The global recovery has entered its most challenging stage - the transition from public to private demand as the driver of growth, AXA Global Investors says in its quarterly strategic outlook.
"We are now finding the true strength of underlying final demand and in some countries it is weak," Axa chief economist Bevan Graham said.
The US recovery is slowing and Graham expects it to do no more than muddle through for the next few months. But looking further out, he believes the inherent flexibility of the US economy means it is better placed than other developed countries to rebalance and reorient itself towards the new drivers of global growth, the emerging markets.
Axa's head of investment strategy, Keith Poore, said: "Recoveries from previous financial crises point to US GDP growth close to 2 per cent over the next decade compared with 3 per cent of the decade before the financial crisis."

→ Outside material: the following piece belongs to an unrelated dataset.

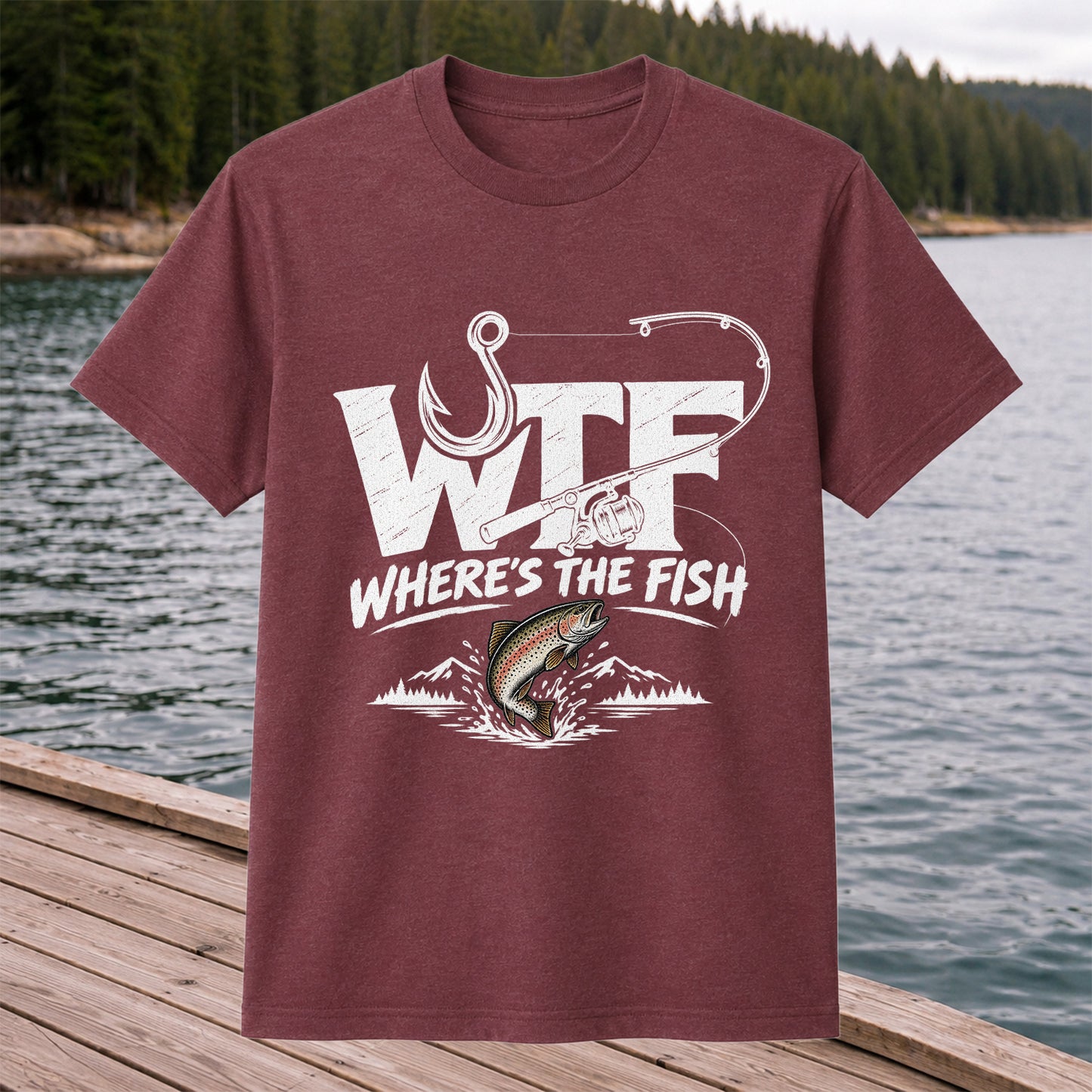 WTF Where's the Fish Rainbow Trout Fishing Graphic T-Shirt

But a weak American economy could actually be positive for global growth, he said, because the resulting easy monetary condition in the US set low benchmark interest rates for the rest of the world. Further out, however, he sees the balance of risks more likely to deliver higher bond yields (and therefore lower bond prices) so Axa remains underweight in global bonds.
At the same time it is overweight in emerging market equities.
"Over the last decade earnings from emerging markets have grown about 15 per cent per annum, compared with about 5 per cent for developed markets," Poore said. "We don't expect the 10 per cent differential to be maintained over the next decade but we do think earnings growth in emerging markets can outpace developed [ones] by 5 per cent."
Graham sees China's growth slowing, from unsustainable rates, as it sets about the necessary structural shift to growth that is more dependent on internal consumer demand.
Axa forecasts GDP growth of 2.5 per cent this year and 3 per cent next year.
"As with many developed countries, we believe the pathway to lower unemployment will be challenging. New jobs will require a different skill set than the jobs which have been lost, meaning we are likely to see higher unemployment than we have recently been used to, while skill shortages emerge at the same time."